Festival Music

Sufjan Stevens

Edinburgh Playhouse

Nicola Meighan

Five stars

For all of his baroque pop voyages – from Illinois to outer space – Sufjan Stevens' most enlightening journey has seen him travel inwards, backwards, to the darkness of the heart, as mapped out on this year's devastating magnum opus, Carrie and Lowell.

The Michigan indie poet's seventh album explores the throes of life, death, love and abandonment, as driven by the loss of his absent mother – the titular and troubled Carrie – who left the family home when Stevens was a young boy, and who died in 2012.

You might wager that said album's intimations to suicide, self-harm, grief, self-doubt, maternal rejection and child abuse would make for a harrowing live experience.

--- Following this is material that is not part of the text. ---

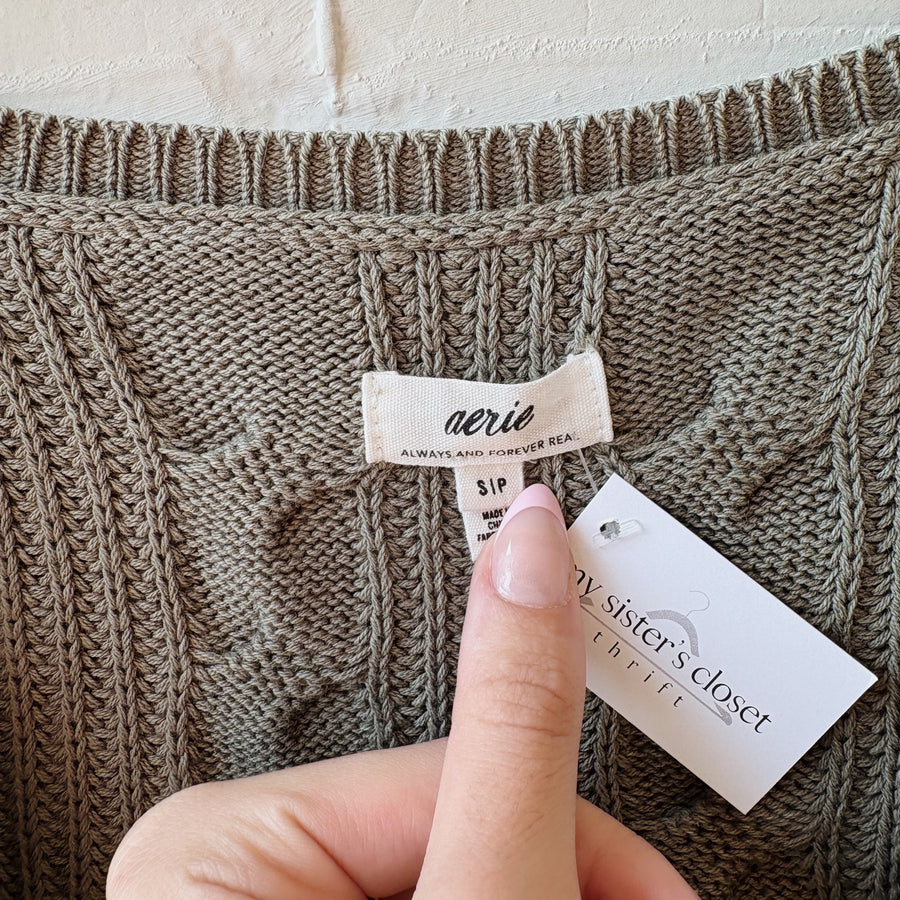 SIZE S | Green Knit Sweater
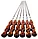 Набор кованых шампуров с деревянной ручкой (10шт по 68см), фото 2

But Stevens has an uncanny knack for couching his emotional blows in warm, sublime, uplifting songs, and this, teamed with stunning lighting and electrifying arrangements – minimalist here; prog-raucous there – made for a life-affirming show.

There were laments of disorientation, but so too were there hymns of forgiveness and cautious hope, not least picturesque aria Should Have Known Better – a show-stopping audio-visual homage to the light of life (“My brother had a daughter, the beauty that she brings...

illumination”).

His mother's apparition was invoked time and again. “Everything I feel returns to you somehow,” he lamented on drum-thundering The Only Thing, and he addressed her directly on the glorious Death With Dignity (“I forgive you mother”).

It might feel intrusive to witness grief in such close quarters, were in not for the fact that Stevens is such a generous songwriter, offering words of of solace for all of our losses. “What's the point in singing songs?” he sang on Eugene. But he'd already answered that.